Let $(X, d)$ be an ultrametric space. In particular, X satisfies the strong triangle inequality: for any $x, y, z \in X$, we have $$d(x,y) \leq \max\{d(x,z), d(y,z)\}.$$
I want to show that $X$ satisfies the Gromov four-point condition: $$ (x \cdot y)_w \geq \min\{(x\cdot z)_w, (z\cdot y)_w\} $$
where $x,y,z,w \in X$ and $(x \cdot y)_w = \frac{1}{2} (d(x,w) + d(y,w) – d(x,y)) $.
I feel this should be relatively straightforward, but I have not been successful in using the strong triangle inequality to somehow deduce the four-point condition. I would appreciate any hints.
Best Answer
This is true, but the proof that I know is tedious.
First, observe that if $x, y, z$ are points in an ultrametric space $(X,d)$ then the largest two of the distances $d(x,y), d(y,z), d(z,x)$ are equal.

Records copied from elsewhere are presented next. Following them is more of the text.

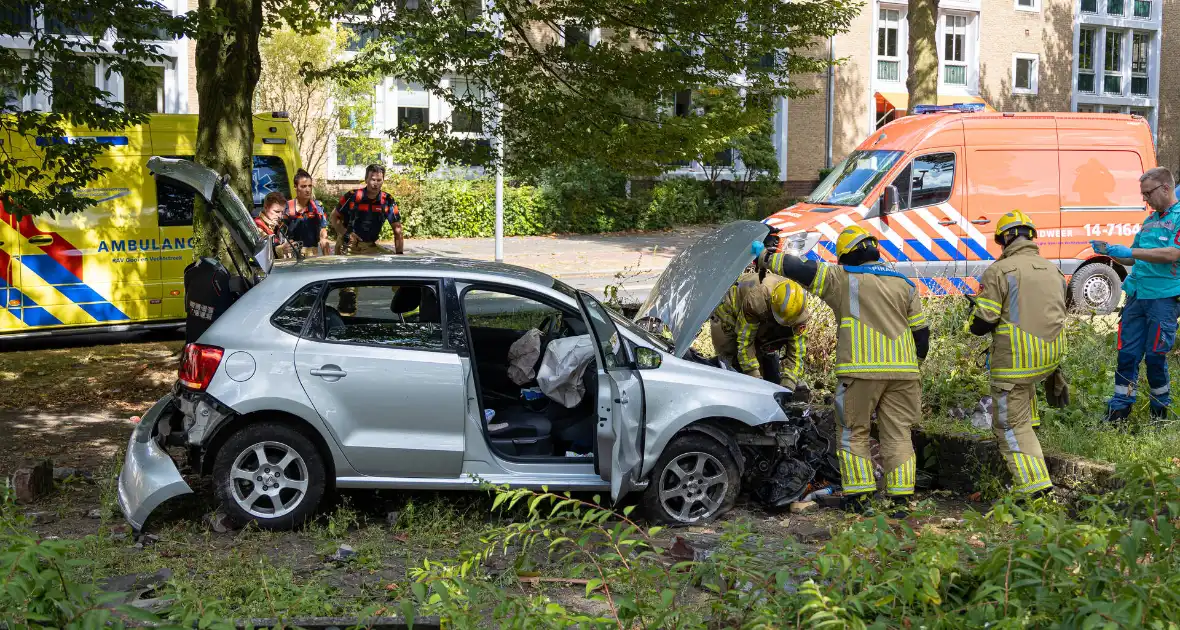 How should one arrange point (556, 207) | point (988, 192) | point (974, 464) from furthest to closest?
point (556, 207), point (988, 192), point (974, 464)

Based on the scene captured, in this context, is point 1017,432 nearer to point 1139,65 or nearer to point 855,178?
point 855,178

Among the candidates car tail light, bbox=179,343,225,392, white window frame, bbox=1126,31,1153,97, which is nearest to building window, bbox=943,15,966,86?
white window frame, bbox=1126,31,1153,97

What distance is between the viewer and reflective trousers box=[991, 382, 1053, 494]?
6.51 m

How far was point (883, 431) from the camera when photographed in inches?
263

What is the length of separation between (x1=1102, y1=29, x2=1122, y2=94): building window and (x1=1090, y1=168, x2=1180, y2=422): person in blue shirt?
3656 centimetres

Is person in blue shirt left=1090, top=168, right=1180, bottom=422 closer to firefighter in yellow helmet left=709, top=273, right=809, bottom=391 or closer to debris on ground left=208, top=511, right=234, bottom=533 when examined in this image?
firefighter in yellow helmet left=709, top=273, right=809, bottom=391

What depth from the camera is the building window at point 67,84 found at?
7938mm

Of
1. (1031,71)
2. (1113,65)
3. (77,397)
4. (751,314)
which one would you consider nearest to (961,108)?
(751,314)

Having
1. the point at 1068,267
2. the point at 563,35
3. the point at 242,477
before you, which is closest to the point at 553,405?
the point at 242,477

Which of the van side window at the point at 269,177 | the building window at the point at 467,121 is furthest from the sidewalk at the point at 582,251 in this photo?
the building window at the point at 467,121

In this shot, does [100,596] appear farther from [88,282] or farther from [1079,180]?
[1079,180]

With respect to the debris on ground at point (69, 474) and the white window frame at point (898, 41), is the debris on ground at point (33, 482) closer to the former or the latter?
the debris on ground at point (69, 474)

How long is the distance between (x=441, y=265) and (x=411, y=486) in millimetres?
1248

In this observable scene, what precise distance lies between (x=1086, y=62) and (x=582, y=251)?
83.1ft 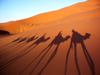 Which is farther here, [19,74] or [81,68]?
[19,74]

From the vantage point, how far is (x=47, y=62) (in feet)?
13.1

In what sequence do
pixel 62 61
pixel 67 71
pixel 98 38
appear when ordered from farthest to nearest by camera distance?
pixel 98 38 < pixel 62 61 < pixel 67 71

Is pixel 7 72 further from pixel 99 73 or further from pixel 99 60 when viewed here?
pixel 99 60

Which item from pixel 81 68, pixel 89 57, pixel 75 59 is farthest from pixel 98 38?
pixel 81 68

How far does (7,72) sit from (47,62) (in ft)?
7.39

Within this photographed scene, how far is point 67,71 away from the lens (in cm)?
312

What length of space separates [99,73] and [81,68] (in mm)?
653

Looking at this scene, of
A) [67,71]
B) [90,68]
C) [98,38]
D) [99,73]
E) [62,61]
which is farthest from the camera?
[98,38]

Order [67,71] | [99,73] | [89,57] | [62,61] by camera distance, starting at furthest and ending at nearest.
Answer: [62,61] < [89,57] < [67,71] < [99,73]

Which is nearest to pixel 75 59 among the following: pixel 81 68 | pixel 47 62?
pixel 81 68

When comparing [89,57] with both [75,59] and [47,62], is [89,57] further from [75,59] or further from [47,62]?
[47,62]

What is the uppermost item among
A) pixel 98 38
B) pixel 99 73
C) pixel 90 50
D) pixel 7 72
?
pixel 98 38

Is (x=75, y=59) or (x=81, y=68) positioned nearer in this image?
(x=81, y=68)

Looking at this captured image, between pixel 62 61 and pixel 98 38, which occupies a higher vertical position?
pixel 98 38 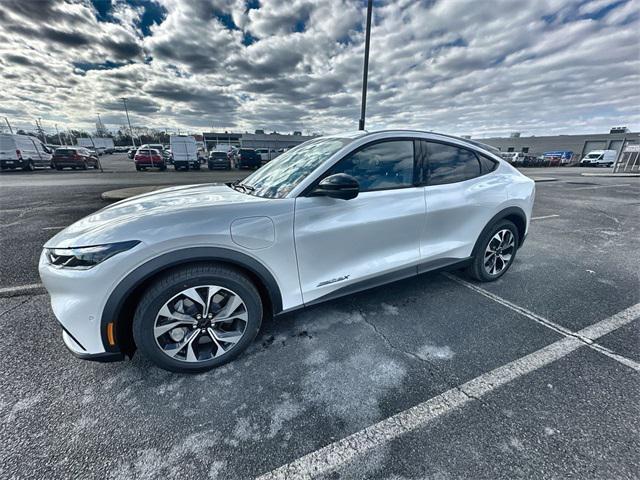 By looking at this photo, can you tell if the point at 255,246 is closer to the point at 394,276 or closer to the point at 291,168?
the point at 291,168

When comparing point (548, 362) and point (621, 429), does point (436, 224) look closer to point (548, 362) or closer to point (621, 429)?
point (548, 362)

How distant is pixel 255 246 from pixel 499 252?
3090mm

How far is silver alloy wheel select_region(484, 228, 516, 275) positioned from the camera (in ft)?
11.3

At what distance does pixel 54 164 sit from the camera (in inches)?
782

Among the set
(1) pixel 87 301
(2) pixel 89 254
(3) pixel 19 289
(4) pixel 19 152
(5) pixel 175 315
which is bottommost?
(3) pixel 19 289

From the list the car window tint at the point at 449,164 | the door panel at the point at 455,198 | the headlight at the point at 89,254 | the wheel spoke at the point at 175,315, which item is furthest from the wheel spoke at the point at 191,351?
the car window tint at the point at 449,164

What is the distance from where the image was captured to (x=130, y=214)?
6.73ft

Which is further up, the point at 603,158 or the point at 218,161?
the point at 218,161

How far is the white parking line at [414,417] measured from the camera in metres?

Now, consider a quadruple $x, y, z, w$ in an ultrametric space $(X,d)$. WLOG,
$$ d(x,y)=a\le d(x,z)=b \le d(x,w)=c. $$ Our first observation then implies that $$ d(y,z)=b, d(z,w)=c, d(w,y)=c. $$ The rest is a straightforward computation of 12 Gromov-products between points in $\{x, y, z, w\}$ and checking the 4-point inequalities. (With 4 exceptions, these will be equalities.) I leave these computations to you.